-- Exercise data follows --

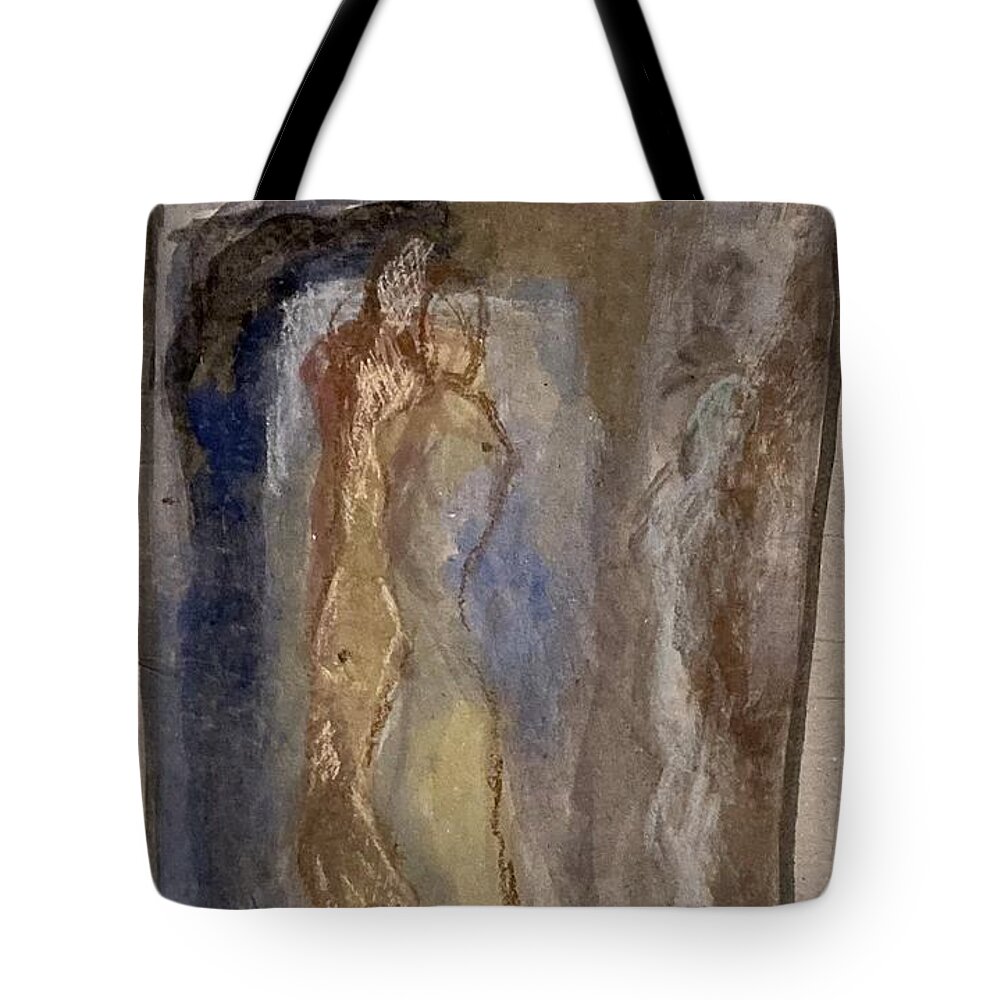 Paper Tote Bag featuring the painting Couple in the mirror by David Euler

-- Exercise data concluded --
-- Exercise data follows --

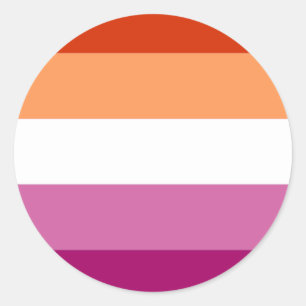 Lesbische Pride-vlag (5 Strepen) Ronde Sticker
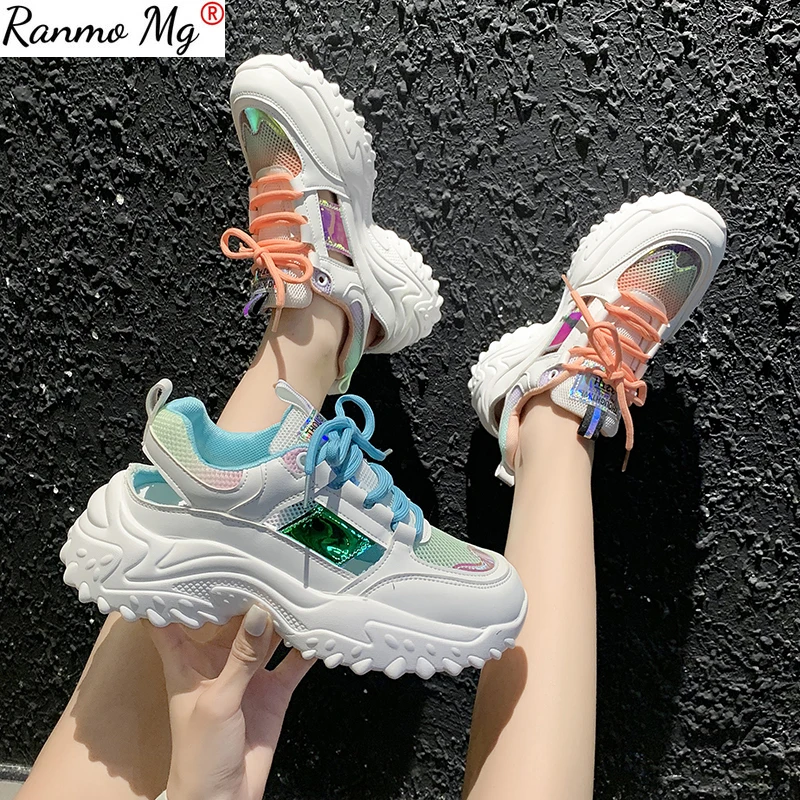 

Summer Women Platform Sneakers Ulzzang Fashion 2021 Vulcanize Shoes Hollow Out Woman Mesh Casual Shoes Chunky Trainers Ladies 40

-- Exercise data concluded --

### Instructions to follow
Given the listing above, repeat exactly the lines starting at the one with "Lesbische Pride-vlag (5" and ending at the one with "Summer Women Platform", inclusive, excluding pictures.

### Answer
 Lesbische Pride-vlag (5 Strepen) Ronde Sticker

Summer Women Platform Sneakers Ulzzang Fashion 2021 Vulcanize Shoes Hollow Out Woman Mesh Casual Shoes Chunky Trainers Ladies 40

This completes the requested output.